Hi there,
I am having an error while computing the forward solution : Unsupported array dtype: >i4
- MNE version: 1.1.0
- operating system: Windows 10
The code:
#%% Get file
sample_dir = 'U:/shared/database/meg-ieeg-UNMC/rawdata/sub-ep1050/ses-preop/meg'
raw_fname = op.join(sample_dir,'sub-ep1050_ses-preop_task-SEFul_run-01_proc-tsss_meg.fif')
raw = mne.io.read_raw_fif(raw_fname,preload=True)
subjects_dir = 'U:/shared/database/meg-ieeg-UNMC/derivatives/sub-ep1050/ses-preop/'
subject = 'sample'
#%% Pick types
raw = raw.pick_types(meg=True,eeg=True,eog=True,stim=True,ecg=True)
#%% High pass filter
raw = raw.filter(l_freq=1,h_freq=None)
#%% Filter data (8-40 Hz)
raw.filter(l_freq=8, h_freq=40)
raw.plot()
#%% Find events and create event dictionary
events= mne.find_events(raw, stim_channel='STI101')

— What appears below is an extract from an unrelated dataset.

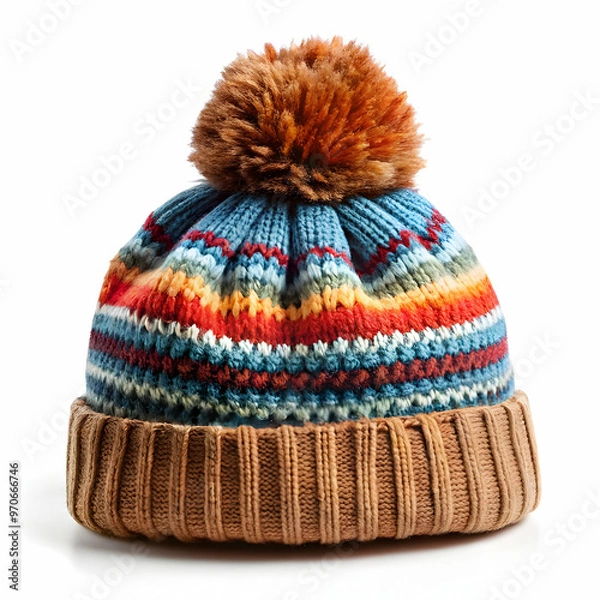 Fototapeta winter hat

len(events[events[:,2]==1])
#%% Create epochs
reject_dict = dict(mag=4000e-15,grad=4000e-13)
epochs= mne.Epochs(raw, events, event_id=1 , tmin=-0.05, tmax=0.25, baseline=(None,0.), preload=True, reject=reject_dict)
#%% Average the epochs to create evoked fields and plot
evoked= epochs.average()
mne.viz.plot_evoked_topo(evoked)
evoked.plot(picks='meg',spatial_colors=True,gfp=True)
#%% Coregistration
mne.gui.coregistration(subject='sample',subjects_dir=subjects_dir)
#%% Compute covariance
data_rank = raw.info['proc_history'][0]['max_info']['sss_info']['nfree']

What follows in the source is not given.